Hello python community,

I am new to python and playing around with numpy arrays and have a question. E.g. I have this 3D array (in reality the array is much much bigger)

input = np.array([[[0,0,1,1,2,2],[0,0,1,1,2,2],[0,0,1,1,2,2]],[[0,0,1,1,2,2],[0,0,1,1,2,2],[0,0,1,1,2,2]]])

and I want to replace the 2s with 0s to get:

result = np.array([[[0,0,1,1,0,0],[0,0,1,1,0,0],[0,0,1,1,0,0]],[[0,0,1,1,0,0],[0,0,1,1,0,0],[0,0,1,1,0,0]]])

Is there an efficient/fast way to do this? The only thing I know is to iterate with for x in range ... but that's probably not very efficient is it?

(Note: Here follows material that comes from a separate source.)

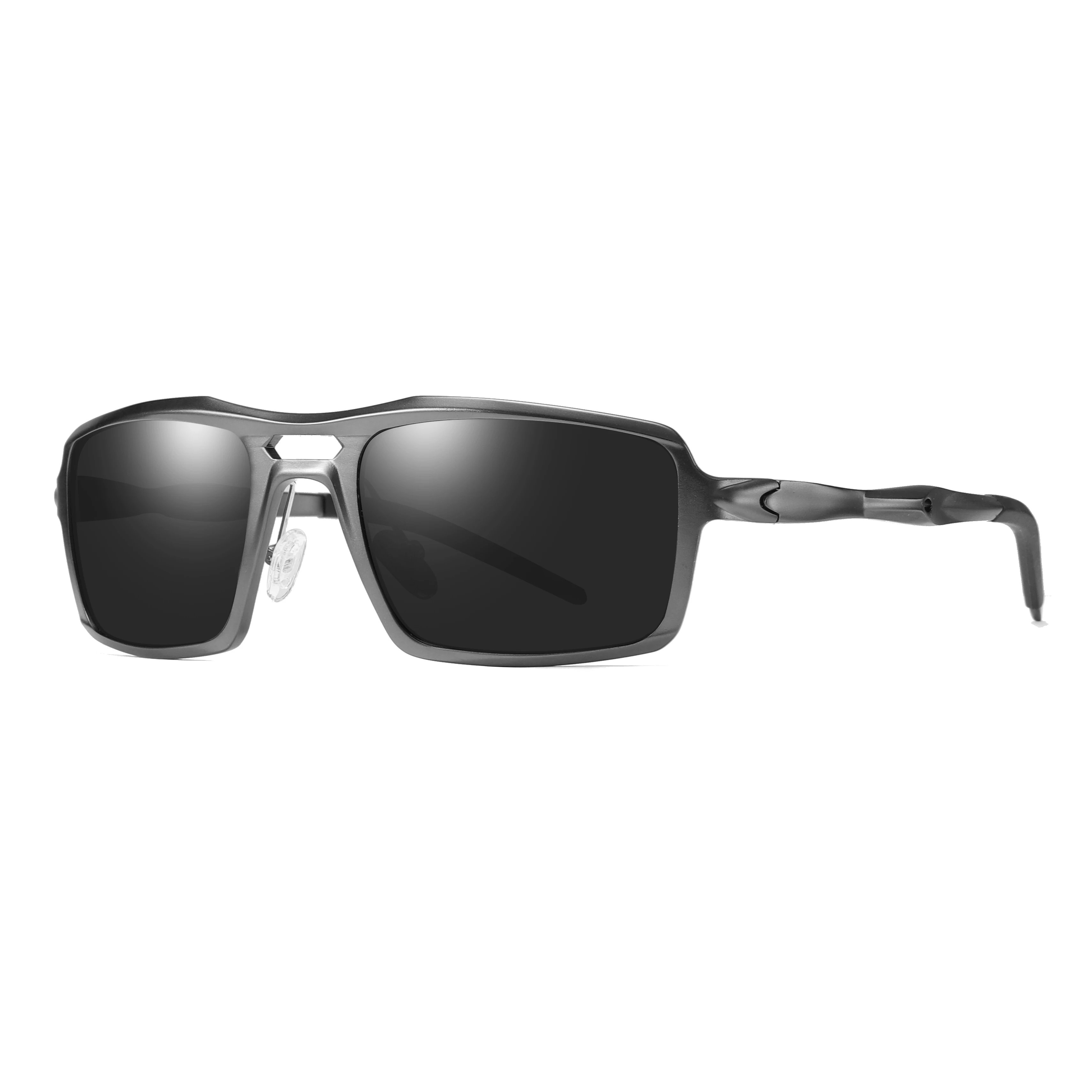 EUGENIA New Model Custom Logo OEM Blue Mirror Lens Shade Sun glasses cat 3 uv400 Polarized Sunglasses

CodePudding user response:

Try:

inp = np.array(
    [
        [[0, 0, 1, 1, 2, 2], [0, 0, 1, 1, 2, 2], [0, 0, 1, 1, 2, 2]],
        [[0, 0, 1, 1, 2, 2], [0, 0, 1, 1, 2, 2], [0, 0, 1, 1, 2, 2]],
    ]
)

inp = np.where(inp == 2, 0, inp)
print(inp)

Prints:

[[[0 0 1 1 0 0]
  [0 0 1 1 0 0]
  [0 0 1 1 0 0]]

 [[0 0 1 1 0 0]
  [0 0 1 1 0 0]
  [0 0 1 1 0 0]]]

CodePudding user response:

you can filter to indices that are 2 and replace:

arr = np.array([[[0,0,1,1,2,2],[0,0,1,1,2,2],[0,0,1,1,2,2]],[[0,0,1,1,2,2],[0,0,1,1,2,2],[0,0,1,1,2,2]]])
arr[arr == 2] = 0

output:

array([[[0, 0, 1, 1, 0, 0],
        [0, 0, 1, 1, 0, 0],
        [0, 0, 1, 1, 0, 0]],

       [[0, 0, 1, 1, 0, 0],
        [0, 0, 1, 1, 0, 0],
        [0, 0, 1, 1, 0, 0]]])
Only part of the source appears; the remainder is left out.